Cuando llegó al módulo correspondiente se quedó quieto. Sostenido en un acto de incertidumbre, dudaba si entrar en clase o si quizás merecía más la pena marchar hacía la otra cafetería, de dentro de la facultad, para terminar un trabajo. Su timidez se agarraba a su cuerpo y se acomplejaba ante la idea de ser observado por los demás. De modo que sin pensárselo mucho se decantó por mezclarse dentro del ambiente de la cafetería. Al fin y al cabo no se perdería una clase muy importante y no soportaba la soledad a la que debía enfrentarse, mientras el profesor exponía el contenido del temario. La cafetería de dentro de la facultad era cómoda, mucho más luminosa y alegre, y allí, extrañamente, siempre había sitio para un solitario capaz de pasar desapercibido. Allí podría sin lugar a dudas relajarse y aprovechar para adelantar el trabajo. Eidan recorrió el final del pasillo, bajó unas pocas escaleras y empujó la puerta para entrar en la cafetería. Dentro, tal y como esperaba Eidan, el ruido del bullicio destensaba su timidez. Era cierto que al entrar sentía el agobio de sentirse observado, pero una vez sentado frente a una mesa, su temor se perdía como su ser, difuminado silenciosamente entre el ruido de palabras y risas. Allí Eidan sentía paz. Cierto es que no era una paz imperturbable, pues su soledad hacía mucho que había florecido en su corazón y su tallo le molestaba cada día. Permaneció allí sentado, estudiando el libro que debía leer imbuido en un silencio de reflexión. De vez en cuando se distraía levemente mirando a su alrededor, pero en seguida se concentraba en su lectura. Los estudiantes entraban y salían siguiendo el ritmo activo de la universidad. Jóvenes tomaban alguna cerveza, mientras la mañana esparcía su vaho de ausencia, empañando las ventanas.

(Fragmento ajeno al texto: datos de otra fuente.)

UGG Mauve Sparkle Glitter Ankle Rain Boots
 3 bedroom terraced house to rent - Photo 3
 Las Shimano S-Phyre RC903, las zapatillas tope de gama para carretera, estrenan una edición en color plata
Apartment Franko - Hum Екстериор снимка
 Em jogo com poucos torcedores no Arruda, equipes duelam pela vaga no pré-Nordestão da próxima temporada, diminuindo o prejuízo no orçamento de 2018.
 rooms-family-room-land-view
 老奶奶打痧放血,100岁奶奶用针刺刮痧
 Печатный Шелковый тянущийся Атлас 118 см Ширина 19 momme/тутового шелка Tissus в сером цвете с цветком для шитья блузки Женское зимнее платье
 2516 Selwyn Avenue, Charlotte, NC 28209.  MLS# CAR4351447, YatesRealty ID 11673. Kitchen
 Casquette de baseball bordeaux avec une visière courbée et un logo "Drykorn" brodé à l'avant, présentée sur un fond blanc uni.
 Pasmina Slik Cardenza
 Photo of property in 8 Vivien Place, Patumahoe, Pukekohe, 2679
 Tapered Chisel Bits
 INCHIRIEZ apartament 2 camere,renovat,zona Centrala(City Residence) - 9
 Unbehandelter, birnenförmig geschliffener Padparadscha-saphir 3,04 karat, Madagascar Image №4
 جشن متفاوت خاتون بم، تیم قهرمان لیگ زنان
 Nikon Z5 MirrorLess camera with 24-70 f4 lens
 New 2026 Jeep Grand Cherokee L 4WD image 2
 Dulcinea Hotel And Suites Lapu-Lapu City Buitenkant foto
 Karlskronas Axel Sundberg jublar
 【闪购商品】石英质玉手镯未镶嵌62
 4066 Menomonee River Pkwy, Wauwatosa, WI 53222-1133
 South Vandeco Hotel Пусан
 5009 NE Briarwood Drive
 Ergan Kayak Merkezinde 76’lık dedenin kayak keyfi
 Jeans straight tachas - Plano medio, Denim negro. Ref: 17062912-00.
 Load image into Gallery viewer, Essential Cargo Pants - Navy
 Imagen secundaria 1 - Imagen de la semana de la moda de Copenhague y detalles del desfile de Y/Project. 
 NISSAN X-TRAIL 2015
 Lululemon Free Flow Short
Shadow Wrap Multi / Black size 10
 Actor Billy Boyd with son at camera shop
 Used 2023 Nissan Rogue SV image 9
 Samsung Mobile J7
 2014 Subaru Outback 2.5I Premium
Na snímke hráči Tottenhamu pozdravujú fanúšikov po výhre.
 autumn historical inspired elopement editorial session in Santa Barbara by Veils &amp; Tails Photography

Hasta que de pronto, el mismo vaho que nublaba los parques y las farolas penetró dentro de la cafetería a ras de la puerta. Eidan, contemplaba sorprendido como una nube, fina y humeante, ascendía desde el suelo hasta flotar en la cargada atmósfera de la cafetería. Aquel hallazgo insólito solo lo parecía percibir Eidan. Pues el resto de jóvenes continuaban enfrascados en sus conversaciones de grupo, sin pestañear extrañados ante nada. Poco a poco la niebla iba enturbiando la cafetería. Se filtraba a través de las ventanas y las puertas, se colaba entre las sillas y las mesas, se posaba en los alimentos y bebidas, y se mezclaba con el aliento de los estudiantes; hasta nublar sus miradas permeables a la niebla. Al instante, Eidan comenzó a agobiarse, la cafetería semejaba una apariencia distorsionada en una atmósfera vaporosa. Sus formas se nublaban en una silenciosa cadencia que se suspendía en el aire. El tono claro y luminoso, que hacía brillar a la cafetería, se apagaba difuminándose en una oscuridad grisácea. El brillo de todo lo real se consumía monótonamente. Los objetos y las personas, junto con las paredes, palidecían en un limbo de neblina. Pero el resto de personas permanecían en una actitud normal e inmutable. Eidan bruscamente se levantó, guardó su libro en la mochila y huyó de la cafetería, perseguido por aquella inescrutable niebla que se diluía en todos los espacios y oquedades. Su cuerpo temblaba de ansiedad. Oscuros pensamientos, nebulosos y sin identidad, ensombrecían su conciencia. Caminó moderadamente rápido, con la prudencia de no chocar con ningún estudiante y procurando alejarse todo lo posible de aquel extraño fenómeno. Al final, observó como la niebla había desaparecido y a su alrededor todo recuperaba la normalidad. Un grupo de jóvenes miraba a Eidan medio en broma y medio extrañados.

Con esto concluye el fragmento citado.